Firstly, it should be noted that there is more than one program called man2html.

One utility called man2html is a C program originaly written in the late 1990's by Richard Verhoeven at the Eindhoven University of Technology in the late 1990's. The program has substantially quirky internals. However, it has the advantage that it works with the raw man page source, rather than troff or nroff output. This program was added to Frederico Lucifredi's man suite.

The program understands the semantics of the man and mandoc macros, and outputs a reasonable HTML structure. For instance when you use indented paragraphs, like this:

.IP word
Definition of
word.
.RS

the program will put out a HTML definition list.

I maintain one very large man page (most of a megabyte of source, and nearly 400 pages long, when converted to letter size PDF by groff):

$ ls -l txr.1
-rw-rw-r-- 1 kaz kaz 980549 Jan  3 11:38 txr.1

When I needed to convert this to HTML, some five years ago, the only thing I found which did a reasonable job was the man2html C program, plus post-processing of its output to "season to taste".

Eventually, I wanted a much better quality HTML document, so I started writing troff macros. The limitations of the C program became painfully apparent, so I forked it. On my git site, you can find a git repo with 30 patches to man2html. These patches fix a number of bugs, and enhance the program with a much improved ability to interpret troff macros, conditionals, loops and other constructs. I also added a M2 register by means of which you can write code which detects that it's running under man2html and can conditionally do some things differently (scroll down for an example). As well, I added a .M2SS command which lets you emit a custom HTML header section.

My large manpage is hosted here. This is produced with man2html, post-processed by my genman.txr program, which rearranges the sections, and adds hyper-links throughout the document.

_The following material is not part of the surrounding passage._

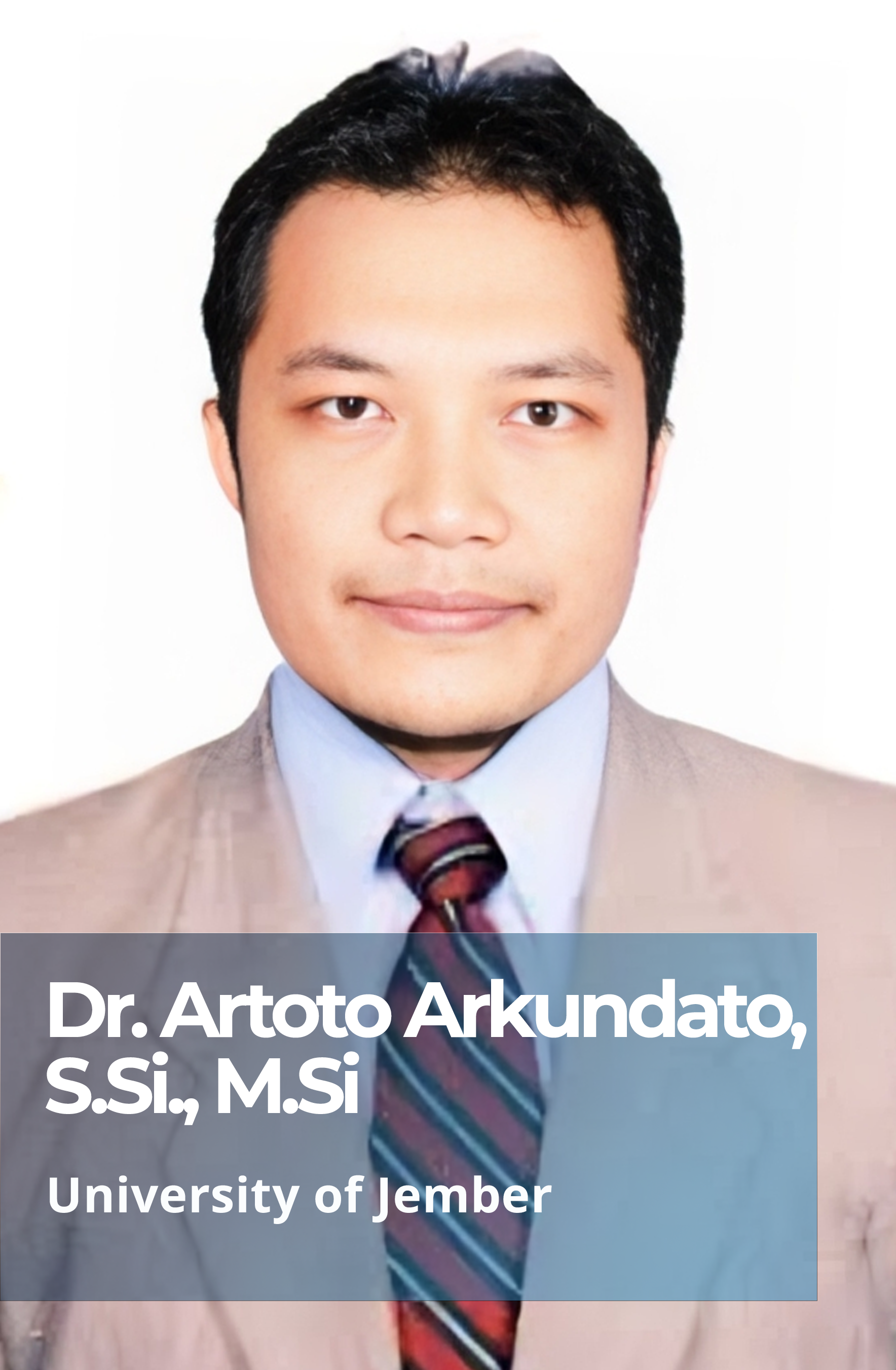 Dr. Artoto Arkundato, S.Si., M.Si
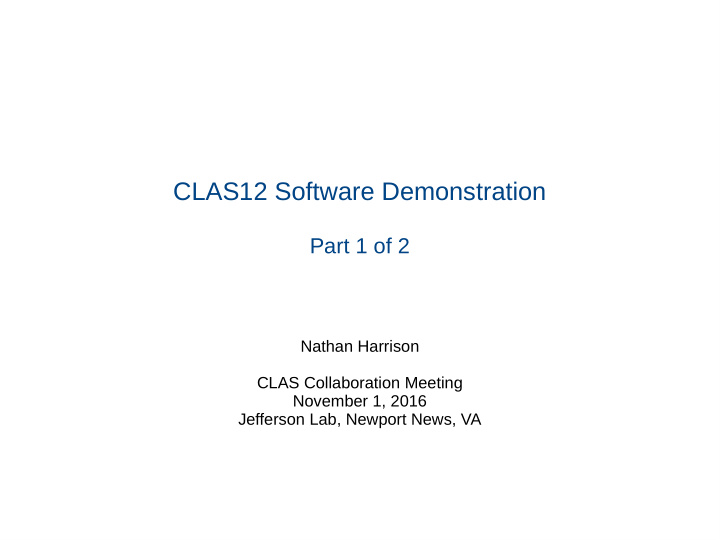 clas12 software demonstration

It also rewrites the internal links in the table of contents to be stable URLs (based on hashing rather than arbitrary enumeration) and makes the table of contents collapsible via some Javascript.

The exact commands used by my Makefile:

man2html txr.1 | ./txr genman.txr - > txr-manpage.html
tbl txr.1 | pdfroff -man --no-toc - > txr-manpage.pdf

For an example of how the output is conditionally different between HTML and nroff we can look at a section of the man output:

       9.19.4 Macro defstruct

       Syntax:

                (defstruct {<name> | (<name> <arg>*)} <super>
                   <slot-specifier>*)

              The  defstruct  macro defines a new structure type and registers
              it under <name>, which must be a bindable symbol,  according  to
              the  bindable  function. Likewise, the name of every <slot> must
              also be a bindable symbol.

Above, note how parameters are denoted in <angle> <brackets>. In the HTML version, they appear in italics.

The syntax section appears in the source code like this:

.coNP Macro @ defstruct
.synb
.mets (defstruct >> { name | >> ( name << arg *)} < super
.mets \ \  << slot-specifier *)
.syne

which is all custom macros defined in the same document. Under .mets, < b means b is a meta-syntactic variable. >> a b means a is a concrete syntax, next to which is the meta-syntactic b without any intervening space, and <> a b c means b is a meta-syntactic crunched between a and c literals.

My improved version of man2html understands the fairly complicated macro which implements these markup conventions.

Also, note how the manual has automatically numbered sections: that's all done by troff code, which man2html understands.